There have been some mighty fine music videos in Homegrown Music Video Festivals past. Remember when Brian Barber turned the mayor into a cartoon character, the Aerial Lift Bridge into a transformer and Enger Tower into a weapon? Or how about the time that Erin McConnell and Jason Page joined forces to bring an amazing kite to life?
But this year, film freaks, this year was the most across-the-board solid showing I’ve seen. Not a dud in the bunch. More videos featured the actual bands, and when they didn’t — heck, that was cool, too. There were narratives. There were abstracts and there were sitcom-esque visions. The theater space at Zinema 2 was packed, standing room only.
The videos will be replayed around 10 p.m. Wednesday at Zinema 2, after the Trampled by Turtles show at Clyde Iron Works. Meanwhile, keep your eyes to the internet as these vids tend to crop up on Perfect Duluth Day.
Some highlights:
Trent Waterman, the eye behind North Shore Sessions, did a relationship-gone-wrong narrative and footage of musician Sarah Krueger playing guitar and singing her song “Running.”
Josh Carlon, who went the animation route last year with “The Old Clyde Road” by Bitter Spills, pitted a man in a stark waiting room holding a tag with the No. 53 against a taunting electronic Take-A-Number system.
Rich Narum had Little Black Books playing in the basement — and a pensive Mark Lindquist doing a shot at RT Quinlan’s, Norton had Excuse Me Princess (and friends) over for a dance party in the living room.
Erin McConnell’s video for Loup-Garou’s song “Gone from Minnesota” was a relationship narrative starring Abe Curran and Tonya Porter that was really touching with its snippets of a life together and funny with its scenes of Curran in an elevator.
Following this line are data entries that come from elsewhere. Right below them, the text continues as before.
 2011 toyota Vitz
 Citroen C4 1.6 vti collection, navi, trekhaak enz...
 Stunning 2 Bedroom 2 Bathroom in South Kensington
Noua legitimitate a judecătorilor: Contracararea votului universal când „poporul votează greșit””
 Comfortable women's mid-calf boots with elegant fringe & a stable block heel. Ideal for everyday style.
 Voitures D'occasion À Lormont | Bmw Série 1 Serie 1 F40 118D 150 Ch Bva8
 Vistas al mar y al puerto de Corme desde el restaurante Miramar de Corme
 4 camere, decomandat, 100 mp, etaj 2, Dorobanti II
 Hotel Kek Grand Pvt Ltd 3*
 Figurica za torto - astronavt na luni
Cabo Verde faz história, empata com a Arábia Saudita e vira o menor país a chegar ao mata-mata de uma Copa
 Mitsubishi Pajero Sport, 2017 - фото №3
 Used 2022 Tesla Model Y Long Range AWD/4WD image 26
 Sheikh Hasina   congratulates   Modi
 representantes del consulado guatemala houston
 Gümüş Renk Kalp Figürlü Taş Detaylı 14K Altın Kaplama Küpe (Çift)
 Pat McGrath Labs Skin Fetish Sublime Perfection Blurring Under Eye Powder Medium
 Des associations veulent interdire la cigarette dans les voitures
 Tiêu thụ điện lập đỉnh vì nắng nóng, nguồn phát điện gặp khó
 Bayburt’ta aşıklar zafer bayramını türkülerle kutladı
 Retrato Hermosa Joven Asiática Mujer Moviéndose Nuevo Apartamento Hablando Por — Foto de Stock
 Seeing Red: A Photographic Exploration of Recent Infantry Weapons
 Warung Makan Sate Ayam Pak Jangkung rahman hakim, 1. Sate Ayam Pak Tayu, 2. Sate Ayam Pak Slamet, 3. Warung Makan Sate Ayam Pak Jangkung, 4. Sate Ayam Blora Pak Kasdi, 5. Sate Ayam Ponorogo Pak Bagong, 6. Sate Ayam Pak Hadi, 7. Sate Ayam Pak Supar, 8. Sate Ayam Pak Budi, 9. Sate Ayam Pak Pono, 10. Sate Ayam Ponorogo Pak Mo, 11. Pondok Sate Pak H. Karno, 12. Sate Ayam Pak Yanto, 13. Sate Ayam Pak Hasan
Tim Massett went strobe-y to capture a song by Tim Kaiser, a scene that included religious imagery — within the non-stop blinking — that seemed like hallucinations. I think it might be the film David Foster Wallace wrote about in his novel “Infinite Jest.” He used found film footage.
Meanwhile, a poetry reading was going on upstairs at Teatro Zuccone, and a photo show was hung in the atrium, including images from Homegrowns past. This gem, by Laramie Carlson, was taken after Bratwurst’s set last year. It is a pretty good advertisement to get thee to RT Quinlan’s for the last band on Friday night.